TASK GOAL: Scan the entries below and count the lines holding the string "going". Supply only the number.

GIVEN DATA:
↓

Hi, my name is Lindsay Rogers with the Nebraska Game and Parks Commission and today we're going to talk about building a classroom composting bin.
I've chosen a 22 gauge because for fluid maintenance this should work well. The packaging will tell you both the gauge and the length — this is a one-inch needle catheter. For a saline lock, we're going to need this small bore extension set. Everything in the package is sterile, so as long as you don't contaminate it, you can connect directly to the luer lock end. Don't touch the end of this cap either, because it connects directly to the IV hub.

↑
↓

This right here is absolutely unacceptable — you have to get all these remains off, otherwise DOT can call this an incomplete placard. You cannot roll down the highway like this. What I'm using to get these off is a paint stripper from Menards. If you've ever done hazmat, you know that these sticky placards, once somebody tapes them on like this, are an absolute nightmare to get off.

↑
↓

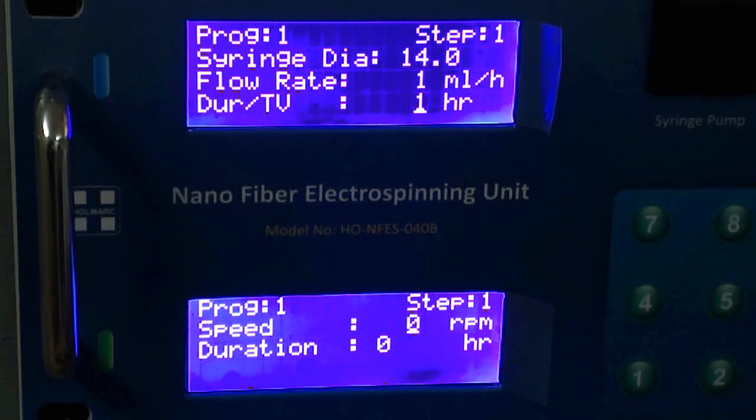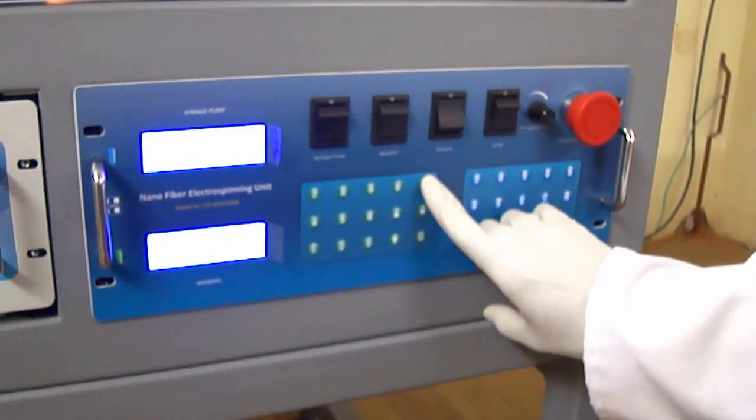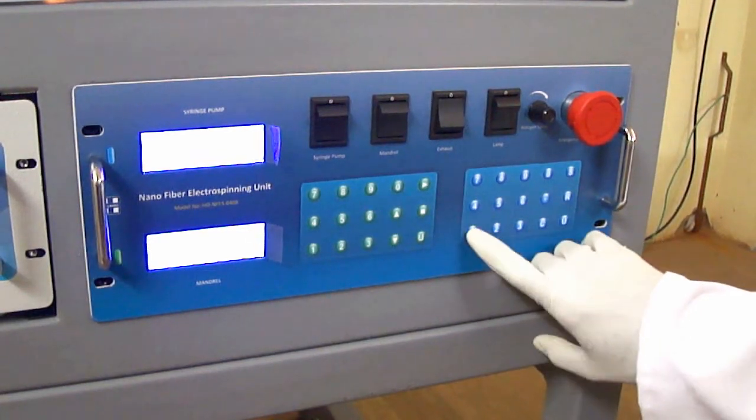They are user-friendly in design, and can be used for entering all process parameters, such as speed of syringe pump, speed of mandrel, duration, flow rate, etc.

↑

TASK RESPONSE: 2